RTX 50-series GPUs may have been the star of this CES, but AI is Nvidia’s real bread and butter. In Nvidia’s perfect world, PCs and games would all be built into AI running directly on the PC, without cloud processing. If there’s one thing AI can do, it’s to stop it from talking so much.
Instead, what I saw when I toured Nvidia’s private demo suite was a rough first draft of an AI concept. Some of the planned models may make sense with further tweaking. The company is working on a text-to-body motion framework for developers, but we’ll have to see how professional animators react to the tool. Additional AI lip-syncing and “autonomous enemies” are thought to transform typical boss fights that utilize learned and predictable patterns into something more spontaneous for both enemies and players.
Generative AI created to revamp the classic NPC and enemy AI in games doesn’t really stick. For example, consider “Ally,” the AI that Nvidia helped create the battle royale game PUBG: Battlegrounds. This was essentially a silly trailer for your typical cooperative AI, but one that could give commands by voice.
I asked him to speak like a pirate. The AI replied: “Ah, the life of a pirate. Let’s just hope we don’t end up walking the plank. Follow me, I’ll find the buggy in a minute.” An unblinking NPC who interrupts and yells at you every few seconds. Trying to ascribe some kind of personality to an AI that speaks to you rather than your friend is the worst. I found that the AI takes quite a while to acquire weapons. When I was inevitably shot and crawled up to him, begging to be picked up, the bot fired blankly at the enemy, then fled into a neighbor’s house. I survived because the developers provided invincibility if you got shot during the demo.
PUBG Ally is the same experience as playing co-op with bots, except they always speak to you in complete sentences. Crafton is also using Nvidia technology to create inZOI, a Sims-type life simulator that embeds chatbots in characters’ heads. Even though the AI was supposed to plan and make the life choices of the characters in the game, it still looked like a boring version of The Sims and lacked much of the charm of those games. I see a vision.

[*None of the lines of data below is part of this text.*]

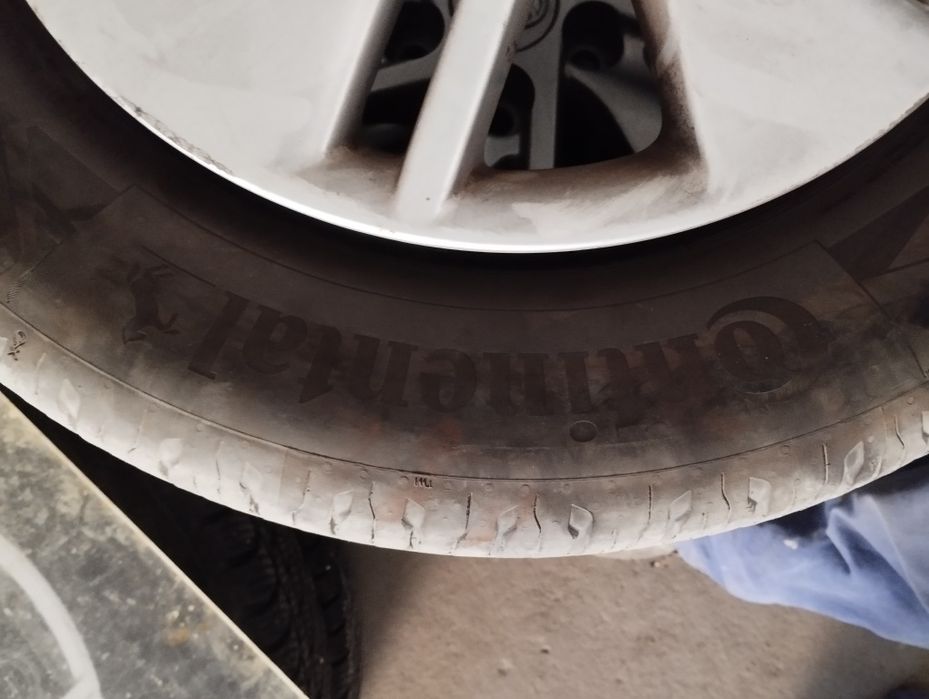 Джанти Тойота аурис 6.0j et 39 5x114.3 15 с летни гуми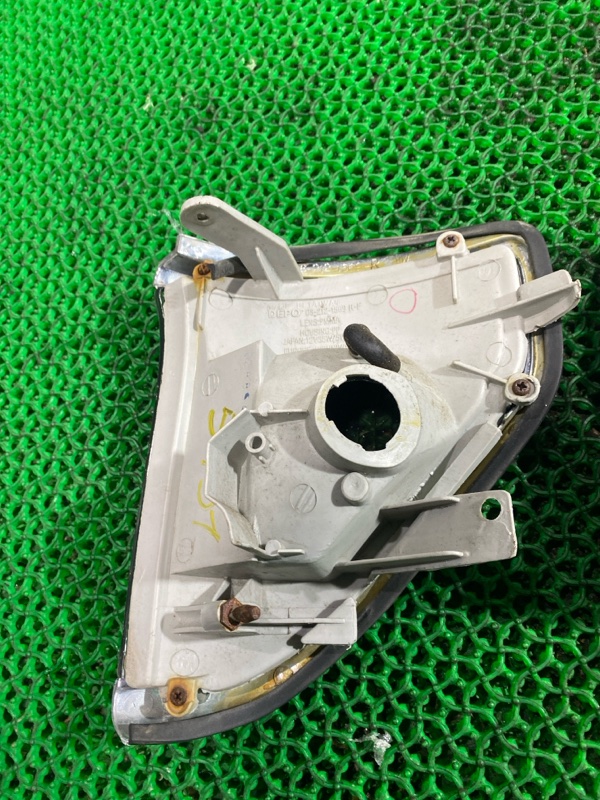 Габарит передний LAND CRUISER PRADO 1991 LJ78 2LTE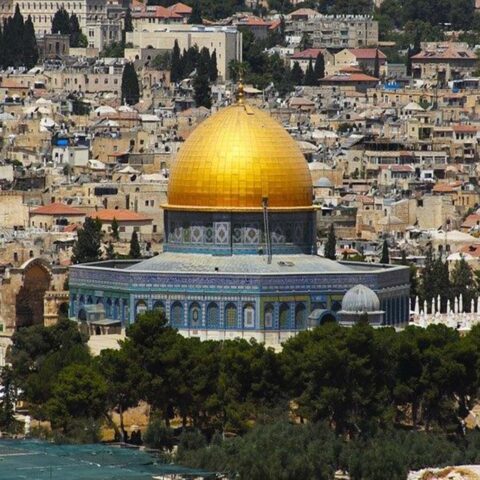 15 دولة عربية وإسلامية تدين افتتاح سفارة جديدة في القدس: مس مباشر بالوضع القانوني للمدينة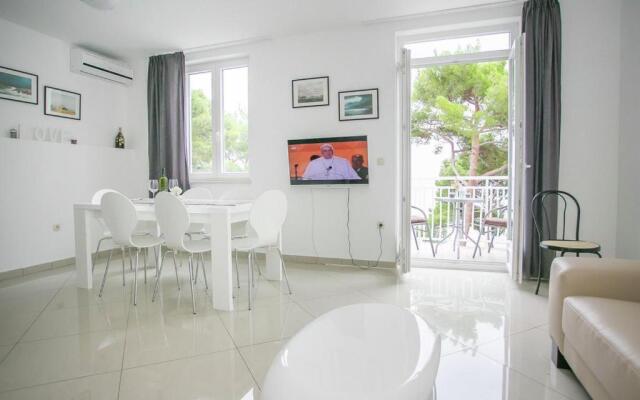 Sesar Apartments Krk - No. 3 Cvita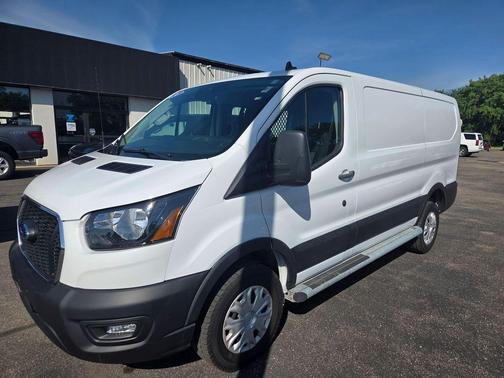 Oxford White 2024 Ford Transit-250 Base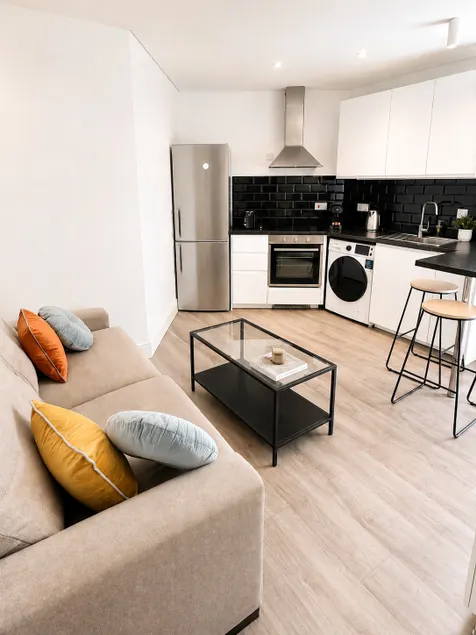 Grand Central House - Classic Two Bedroom Balcony - Image 1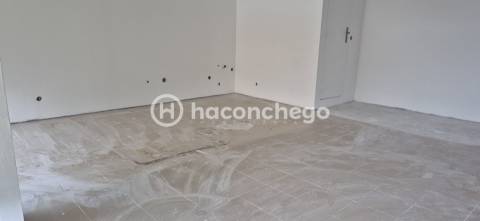 Loja T0 Arrendamento em Arcozelo,Barcelos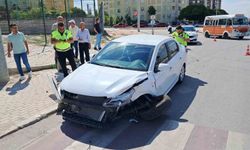 Karaman’da iki otomobil çarpıştı: 1’i çocuk 3 yaralı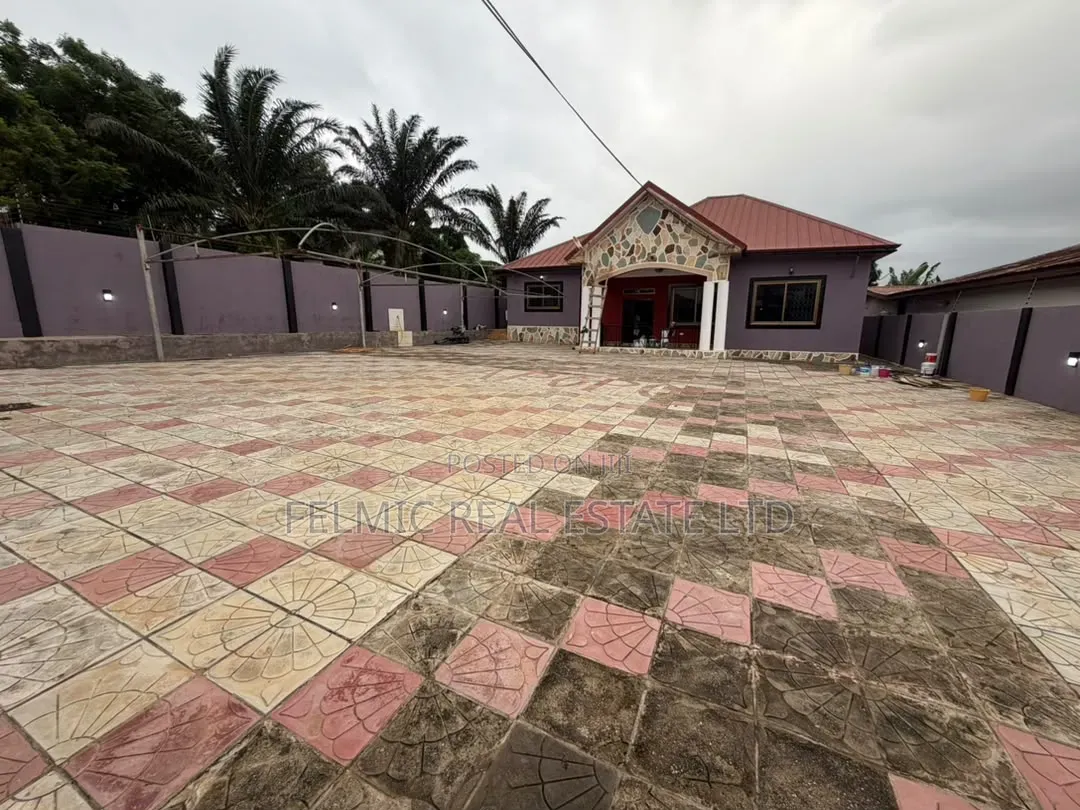 3bdrm House in Taifa Burkina, Station Area for sale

It’s just not there yet.
We previously tried Nvidia’s ACE, or its Autonomous Gaming NPC, at the last CES and in late 2024. According to previous demos, the generated voice lines are incredibly stiff and sound like you’re reading a Cyberpunk parody book. And the cliché of the detective genre. This time, Nvidia did not provide an update for AI NPCs. Instead, the company showed off another demo of an upcoming game called ZooPunk. It seems to be about a rebel rabbit who carries two laser swords on his back. How can I make it lame? By adding scratch AI voice lines to your character.
In our demo, Nvidia asked an in-game character to change the color of a spaceship from beige to purple. “No problem. Let’s get started,” the AI replied. Instead of purple, the ship is now orange. On the second try, the AI was able to find the right end of the color spectrum. So Nvidia asked them to change the ship’s decal to a narwhal fighting a unicorn. Instead, the AI-generated image looked like a narwhal acting out the spaghetti scene from “Lady and the Tramp” with a gelding with ball-shaped horns.
The real showcase of Nvidia’s AI was in its desktop companion app. The first is G-Assist, a chatbot that can be used to automatically manipulate Nvidia app settings and calculate the best in-game settings for your PC’s specs. The chatbot can also display graphs of GPU and CPU performance levels over time and must be run directly from your PC rather than from the cloud. I think it’s better to be able to adjust settings than to have to turn knobs yourself. Still, at least this is an interesting use of AI.
But AI is more than just interesting. Must be wild. Otherwise who cares? There was a demo of an AI head made for streamers that was shockingly rude to users. But the real star was the talking mannequin head that sat like a gargoyle on my home desktop screen. It uses the company’s neural faces, lip sync, text-to-speech, and skin models to try to create something “realistic.” In my estimation, it still lands on the wrong side of the uncanny valley.
The idea is that you can talk to it, similar to Copilot on Windows, but you can also drop files on your forehead for the AI to read and spit out information. Nvidia demonstrated this using an old PDF of the booklet that came with Doom 3 (as if playing the game on your PC was as easy as buying a disc and installing it). It seems like a reminder). Based on the booklet, we may be able to provide an overview of the game’s story.
You can add a face to an AI, but it’s still just a text-generating machine that can’t understand what you’re saying. Nvidia said it could add G-Assist to its animation assistant, but it doesn’t make it any faster or more reliable. It will still be a big black hole of AI occupying the bottom of your desktop, staring back at you with lifeless eyes and a vacant smile.